Bella’s Bedroom in Poor Things, 2023. Courtesy of Searchlight Pictures. Photo: Atsushi Nishijima
‘Each panel was a sort of human endeavour of freedom, like hot air ballooning or sailing a ship or ploughing the land,’ notes Heath. ‘I felt like Baxter would've put those stories in her life to feel enriched.’

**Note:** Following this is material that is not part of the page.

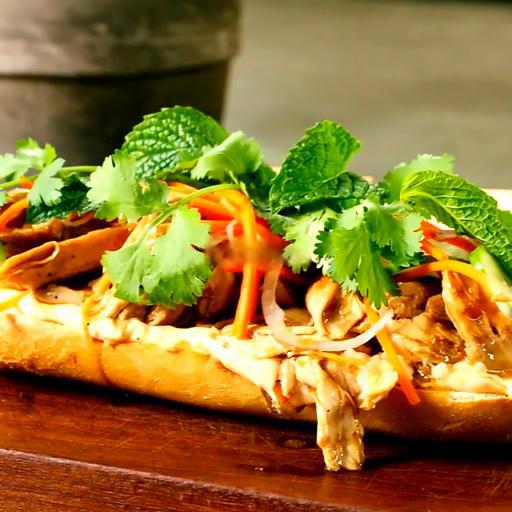 banh-mi-ga-trung-thit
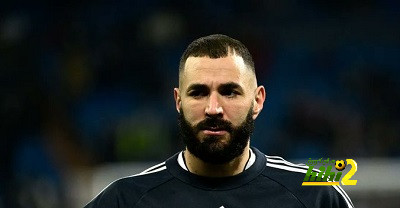 سبب تأخر تجديد عقد بنزيما !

Look at paintings and drawings
Director Lanthimos gave Heath and Price several images of paintings to feed their vision, including Hieronymus Bosch’s The Garden of Earthly Delights, as well as works by Egon Schiele and Francis Bacon. ‘In the Bosch paintings, there are depictions of dreamlike architecture,’ says Heath, ‘with crazy glass structures and slightly fantasy sci-fi-looking buildings, which really influenced how Baxter's house looked on the outside.’ The fleshy pink hue of the Baxter house also recalls the tones of Bosch’s structures.

Lisbon in Poor Things, 2023. Courtesy of Searchlight Pictures. Photo: Atsushi Nishijima
For the ‘psychedelic, trippy feel’ of Lisbon in the film, the designers looked to the 19th-century French illustrator Albert Robida. ‘He had done a lot of amazing illustrations,’ says Price, ‘predicting what the future would look like.’ These included flying vehicles and other candy-coloured inventions, whose influence can be seen throughout Bella’s time in the city.
Give yourself rules to break
When asked if they have any advice for collectors looking to meld wide-ranging styles in their own maximalist interiors, both Heath and Price recommended starting with a few well-chosen constraints.
‘Decide, Okay, I’m going to buy pairs of tables and chairs, or I'm not going to have anything with hard corners and I'm going to do everything in blue,’ Heath suggests. ‘Take out a few things. By limiting yourself you end up with a stronger choice that works in a new way.’
‘Make some rules up,’ Price agrees. ‘Failing that, just hire me and Shona — we’ll do it for you.’